Let me move this to a more trafficked forum (fishing equipment forum isn't very related), this topic applies to numerous forums.


----------



## Kwalk3 (Jun 21, 2012)

If weight is a factor go with the smaller scope. I have a 65mm objective and it's still plenty of scope for everything I need. The 80 is gonna be heavy and bulky for 15 miles.


----------



## ntrl_brn_rebel (Sep 7, 2007)

65mm in any of the better glass is perfect in my opinion...if I hunted out of the truck, wheeler or something where weight isn't an issue I would go with an 80mm because it is nice to have a little bit more light!


----------



## brendo (Sep 10, 2013)

I would get the best of both world's and go with the 65 mm oh wait I just did I pulled the trigger on a vortex razor hd tonight so stoked! keep in mind if you go with a nicer scope you generally shed a few ounces over the less expensive stuff obviously not as light as a 50 but than you can use it everywhere and be happy with its performance.
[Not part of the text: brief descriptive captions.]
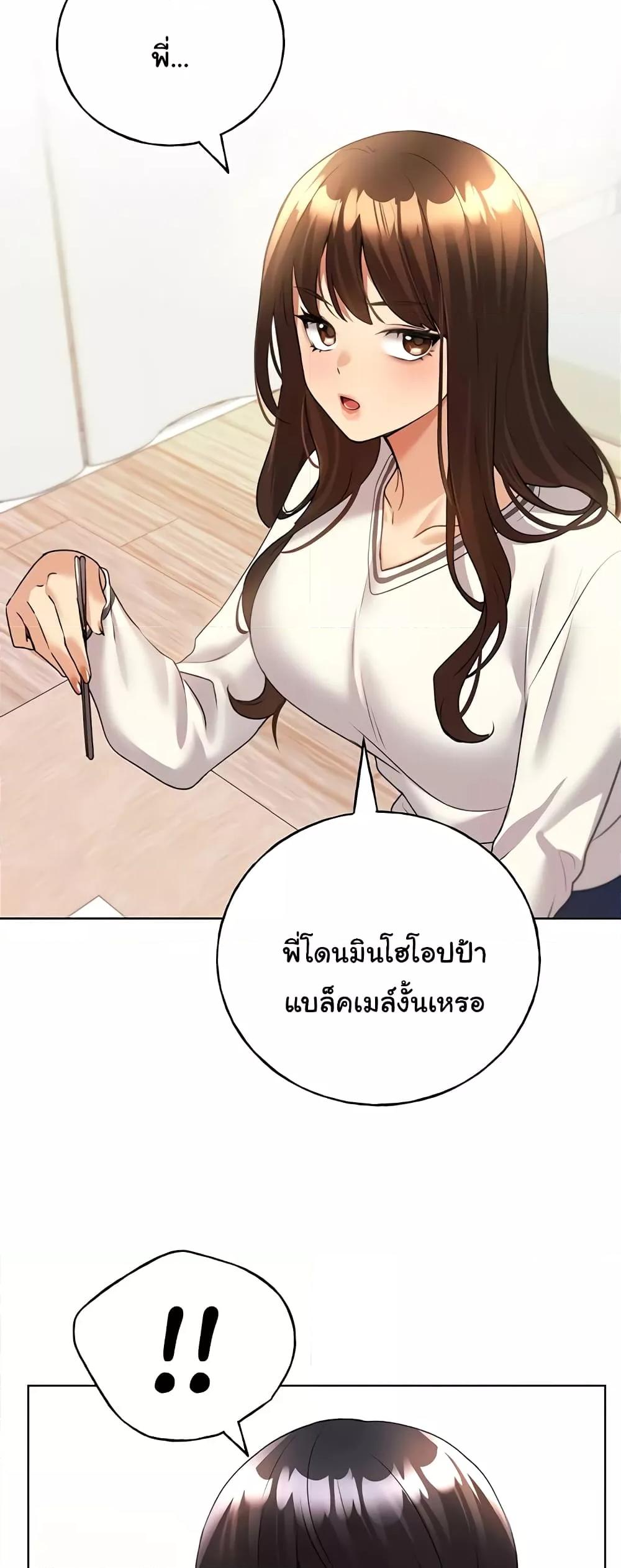 My Illustrator – My Illustrator – ตอนที่ 46 หน้า 41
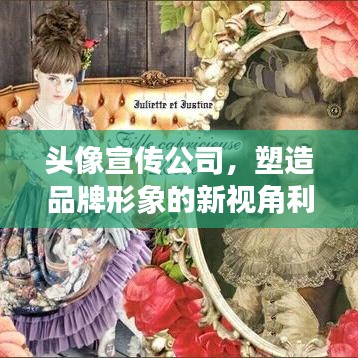 頭像宣傳公司，塑造品牌形象的新視角利器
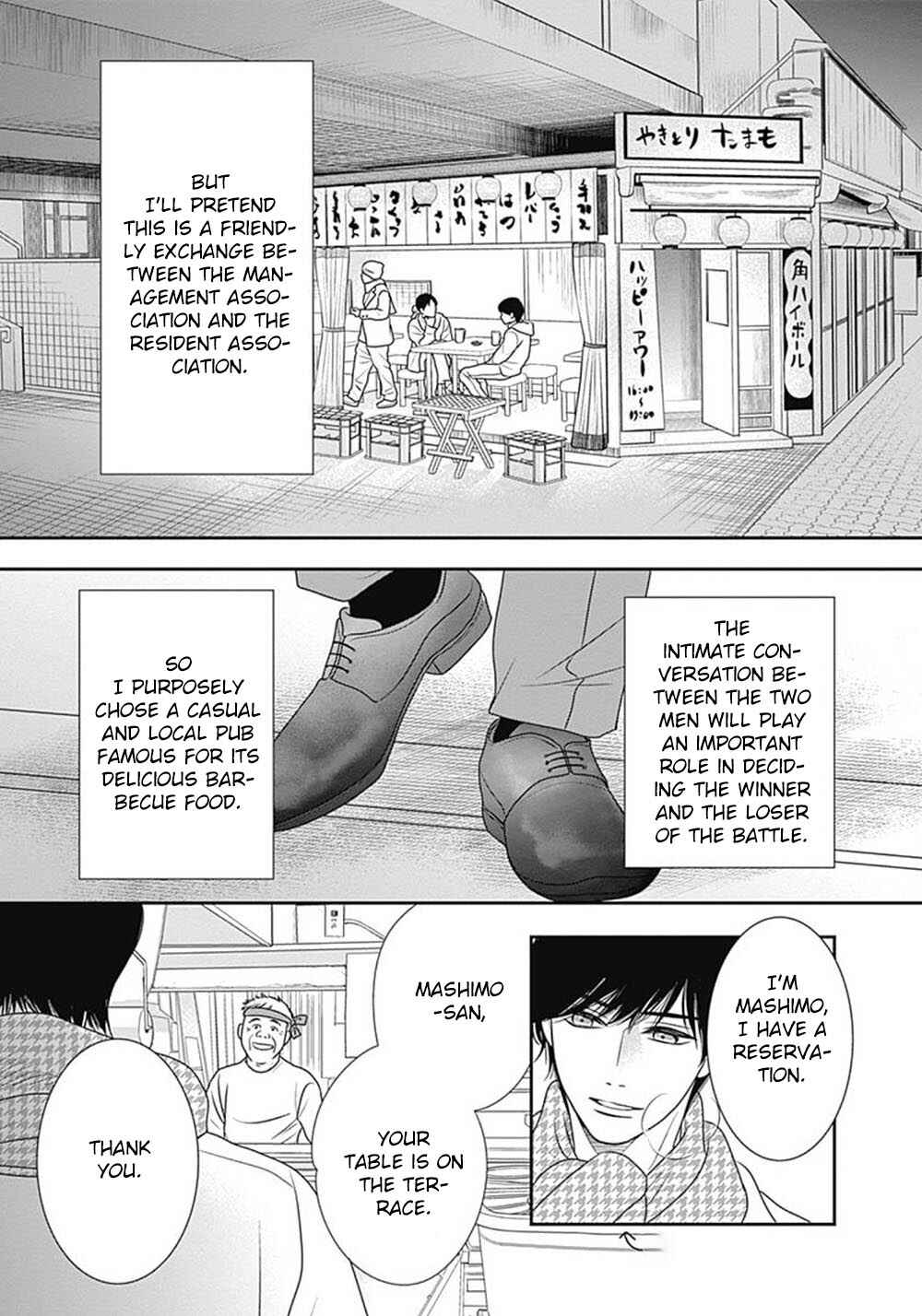 Page 7 Chapter 7 200 M Saki no Netsu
I used a vortex viper non hd in the 80mm quite a bit this season it was a decent scope but I felt there was a bit to be desired at its higher magnifications I would have much rather had better glass in a smaller package that thing sucked to lug in where we were hunting and the bigger objective I felt was not worth it. I don't know what your budget is or if there is a particular brand you are after but there is a guy on ksl advertising vortex scopes for cheap I contacted him for a few prices and he is the best I have found the viper hd 65mm for 550.00 and the razor hd 65mm for 1050.00 good luck with the search let us know what you end up with!


----------



## Dahlmer (Sep 12, 2007)

deadicated1 said:


> all brands aside, would you rather have a smaller, lighter scope (60-65mm) with a higher quality glass, (HD or ED, etc.) or a heavier, bigger (80mm+) scope with maybe not the HD or ED glass. Keep in mind, this scope is for 10-15 mile hikes in the high country on hunting or scouting trips, so the weight is a factor. Help me make up my mind!!


Smaller and lighter...If a scope is not convenient to pack I won't pack it. The best glass in the world is of no value if it isn't with you.


----------



## deadicated1 (Mar 17, 2008)

thanks for the input guys. (and sorry Huge, I dont frequent this forum as much anymore since the changes a while back)
I am looking at the Razor 65 HD, and I currently own a viper 80 non HD. I was very happy with the viper, but have not owned much to compare it to. I would love to buy the razor 85 for brightness purposes, but like was mentioned, the nicest glass in the world isnt worth having if its too heavy and bulky to carry.


----------



## torowy (Jun 19, 2008)

I went with a smaller scope so I could carry it with me everwhere. I am glad I went that way.


----------



## MWScott72 (May 23, 2011)

Sounds like u answered your own question. If you're packing in, go with the smaller, lighter package. Get the HD too - it only hurts your wallet once. After that you'll praise it every time you head to the hills!


----------